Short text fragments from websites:

_ _ _

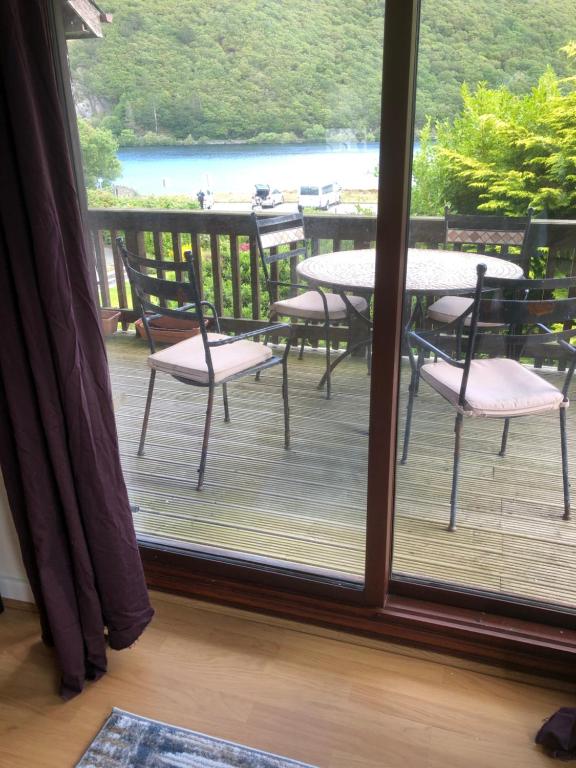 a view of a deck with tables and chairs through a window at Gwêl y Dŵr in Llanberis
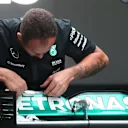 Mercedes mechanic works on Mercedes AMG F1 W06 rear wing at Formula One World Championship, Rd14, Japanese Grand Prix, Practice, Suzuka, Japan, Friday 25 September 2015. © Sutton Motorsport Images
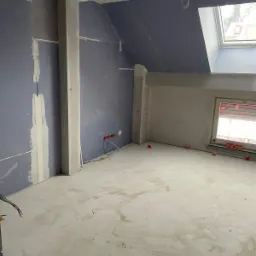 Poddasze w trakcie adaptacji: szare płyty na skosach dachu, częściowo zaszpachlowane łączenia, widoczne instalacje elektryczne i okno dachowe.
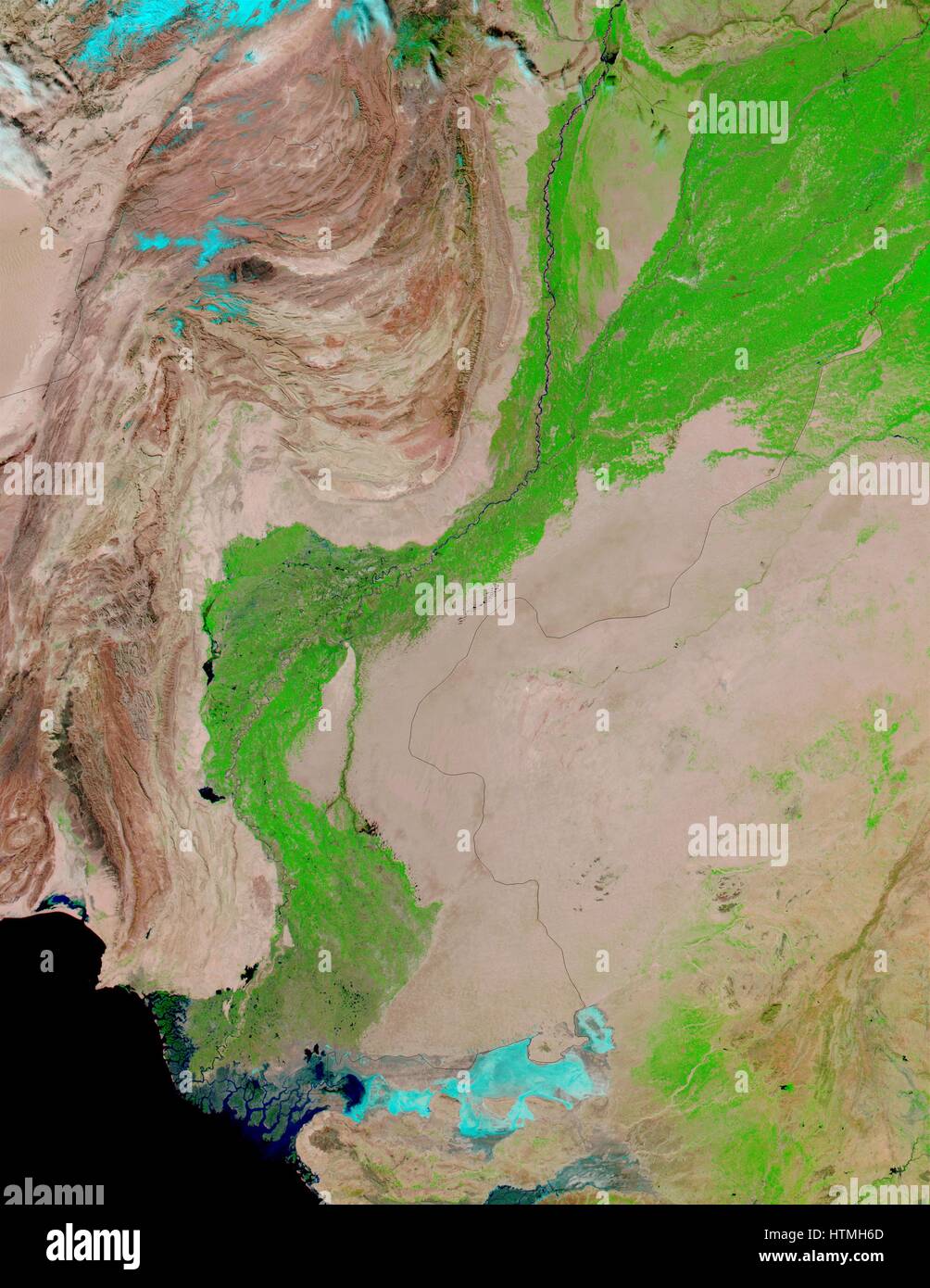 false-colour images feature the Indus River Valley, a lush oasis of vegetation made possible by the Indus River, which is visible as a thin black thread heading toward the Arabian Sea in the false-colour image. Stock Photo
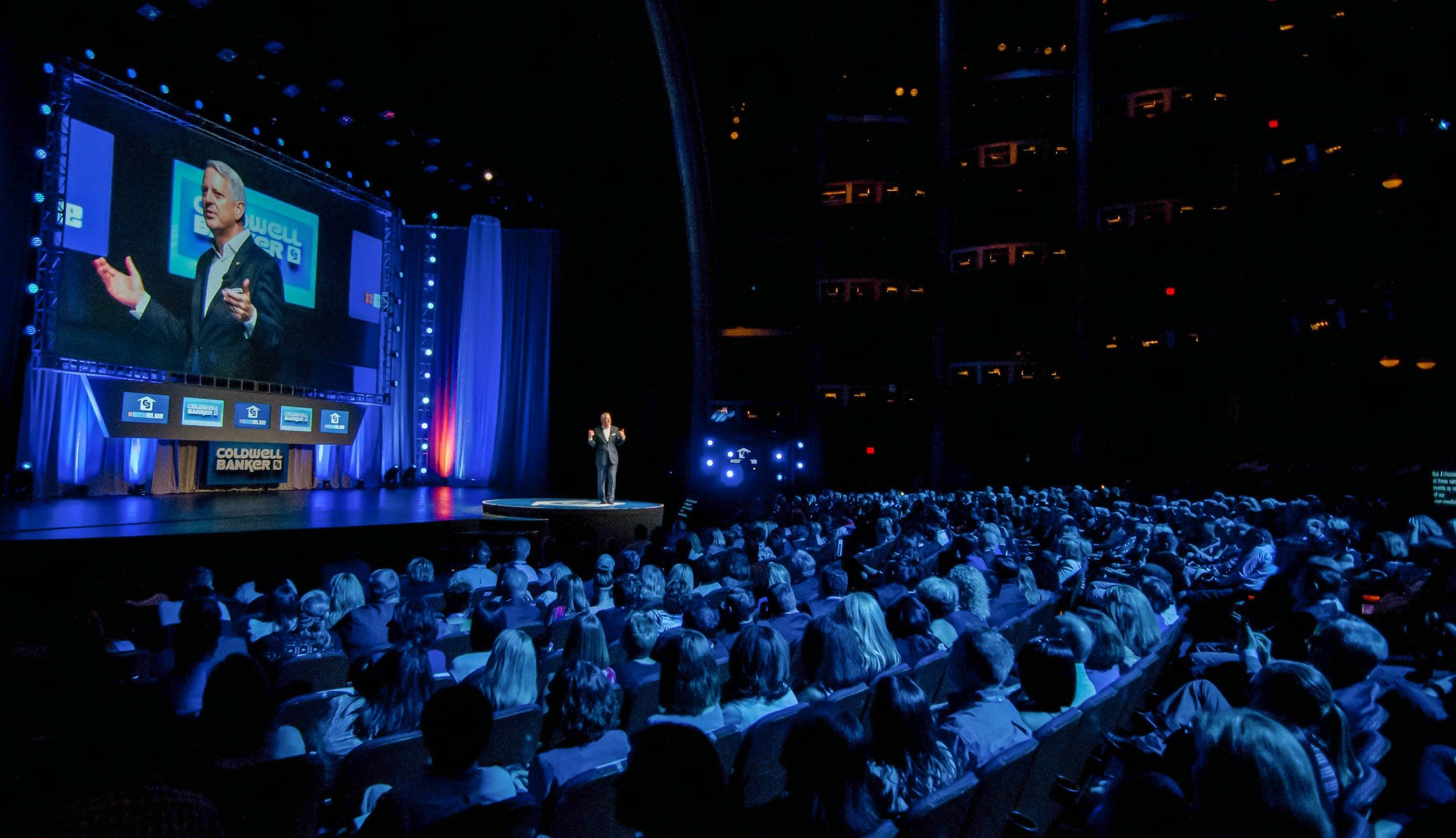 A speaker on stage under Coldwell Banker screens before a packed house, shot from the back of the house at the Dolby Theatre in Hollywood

_ _ _

§ Exercise instructions
Your answer must consist only of the lines from the one containing "false-colour images feature" through the end of the entries, restated word for word, with no pictures.

§ Answer to this exercise
 false-colour images feature the Indus River Valley, a lush oasis of vegetation made possible by the Indus River, which is visible as a thin black thread heading toward the Arabian Sea in the false-colour image. Stock Photo
 A speaker on stage under Coldwell Banker screens before a packed house, shot from the back of the house at the Dolby Theatre in Hollywood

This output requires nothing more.